Enfin, totalement d'accord avec JMB concernant le paragraphe ci-dessous de Maro, qui ressemble à s'y méprendre à une litaine de Kamenev en 36 :
Citation :
Fourth and finally, this has been a time of self-reflection. There’s three truths about myself I must come to terms with. One, I’m a white man that grew up in America in the 70’s and 80’s. I need to recognize that a lot of things I’ve internalized as normal and “just part of life” have ugly aspects tied to them. I need to self-educate to understand these biases so that I can remove them. Two, I sometimes miss larger context to the things I say or do. It’s on me to use whatever resources necessary to avoid doing this in the future. Three, I need to learn how to be a better advocate for black people (as well as other people of color and women). It’s not enough to just do no wrong. I need to listen and learn the things I can do to actively make things better. Not solving the problem is being part of the problem.
Ce paragraphe - hallucinant - résume tout ce qui est susmentionné. La déraison la plus totale au profit d'une seule, une idée unique auxquelles doivent se rattacher TOUTES les autres. Une seule idée pour les gouverner toutes : le blanc est coupable. De cette idée découle le monde, l'idée et le réel. Car ce n'est plus la raison, l'analyse ou "l'objet" qui servent de matériau à la réalité. C'est l'idéologie qui fait la réalité.
On a parlé de Procès de Moscou et quelqu'un a comparé cette autocritique à 36. Mais les mencheviks et les anciens bolcheviks étaient torturés et drogués comme il faut pour s'accuser de tous les maux. Ici personne ne demande rien à Maro... Mais il fait comme tout le monde car tout le monde déverse sa petite haine de soi. "I need to recognize" = il doit avouer.

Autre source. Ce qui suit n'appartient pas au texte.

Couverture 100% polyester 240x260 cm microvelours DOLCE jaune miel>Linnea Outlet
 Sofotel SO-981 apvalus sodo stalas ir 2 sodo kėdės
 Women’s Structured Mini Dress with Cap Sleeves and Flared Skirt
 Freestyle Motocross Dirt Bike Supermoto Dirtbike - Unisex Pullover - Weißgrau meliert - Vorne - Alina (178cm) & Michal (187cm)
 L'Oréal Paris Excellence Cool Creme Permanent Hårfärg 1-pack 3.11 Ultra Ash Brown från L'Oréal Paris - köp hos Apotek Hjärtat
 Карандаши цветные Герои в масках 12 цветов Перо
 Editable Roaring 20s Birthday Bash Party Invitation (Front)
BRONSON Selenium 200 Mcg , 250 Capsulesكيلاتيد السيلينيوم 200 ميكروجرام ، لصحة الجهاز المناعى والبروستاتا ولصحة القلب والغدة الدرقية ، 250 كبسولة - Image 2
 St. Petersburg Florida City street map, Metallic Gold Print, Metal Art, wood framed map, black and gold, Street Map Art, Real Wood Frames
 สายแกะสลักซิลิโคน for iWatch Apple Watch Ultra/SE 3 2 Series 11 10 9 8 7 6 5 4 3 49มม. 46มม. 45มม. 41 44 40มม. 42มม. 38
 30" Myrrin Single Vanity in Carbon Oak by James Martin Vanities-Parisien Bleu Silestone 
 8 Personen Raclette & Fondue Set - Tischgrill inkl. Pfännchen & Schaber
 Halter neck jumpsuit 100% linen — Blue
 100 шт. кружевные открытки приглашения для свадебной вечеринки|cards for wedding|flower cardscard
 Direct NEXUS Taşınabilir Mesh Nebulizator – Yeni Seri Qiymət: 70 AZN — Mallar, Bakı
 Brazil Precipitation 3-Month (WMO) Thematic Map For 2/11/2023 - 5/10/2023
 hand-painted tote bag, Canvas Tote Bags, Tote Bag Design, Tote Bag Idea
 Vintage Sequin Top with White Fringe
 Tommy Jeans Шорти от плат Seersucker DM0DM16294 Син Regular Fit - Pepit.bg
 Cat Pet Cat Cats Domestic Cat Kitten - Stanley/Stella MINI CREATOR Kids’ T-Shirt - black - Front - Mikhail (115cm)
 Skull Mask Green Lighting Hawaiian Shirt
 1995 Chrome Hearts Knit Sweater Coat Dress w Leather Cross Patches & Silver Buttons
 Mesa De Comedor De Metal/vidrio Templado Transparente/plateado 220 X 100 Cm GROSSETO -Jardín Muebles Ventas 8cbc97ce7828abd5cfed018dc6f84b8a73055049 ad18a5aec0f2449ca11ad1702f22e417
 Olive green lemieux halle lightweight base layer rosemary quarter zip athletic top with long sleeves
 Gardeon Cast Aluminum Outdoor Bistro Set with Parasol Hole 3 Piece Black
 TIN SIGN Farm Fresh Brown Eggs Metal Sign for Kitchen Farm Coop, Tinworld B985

Son pêché originel est d'être blanc "I'm a white man". Là encore, le réel cède à l'idée originelle.
Le pire est à venir (mais se rend-il compte de ce qu'il écrit ???????) "I need to self-educated"... Il faut se rendre compte (même si cela prête à rire) des conséquences de ce genre de phrases... En d'autres temps, en d'autres sociétés.... Si je suis une personne coupable, coupable parce que né comme ça, parce que je suis hors du réel et du bien... Et si je n'arrive pas à me réeduquer alors quelle est ma place dans la société ? Et si la société devait éradiquer les êtres comme moi coupables d'opprimer les autres ? Si dans la
réalité, j'empêche le bonheur des humains ?
Haine de soi, haine de l'autre, oeuvres d'art censurées, mouvements de foules (et d'élite) hystériques, idéalisme, supplantation de la raison au profit de l'idée, auto critique et réeducation, déchéance morale et intellectuelle des élites et des journalistes.... S'il faut éviter l'anachronisme, ces éléments restent quoiqu'il en soit les matrices et les points de convergence des régimes où la politique et l'idéologie précèdent l'existence individuelle et le social, régimes que l'on qualifie de "totalitaires".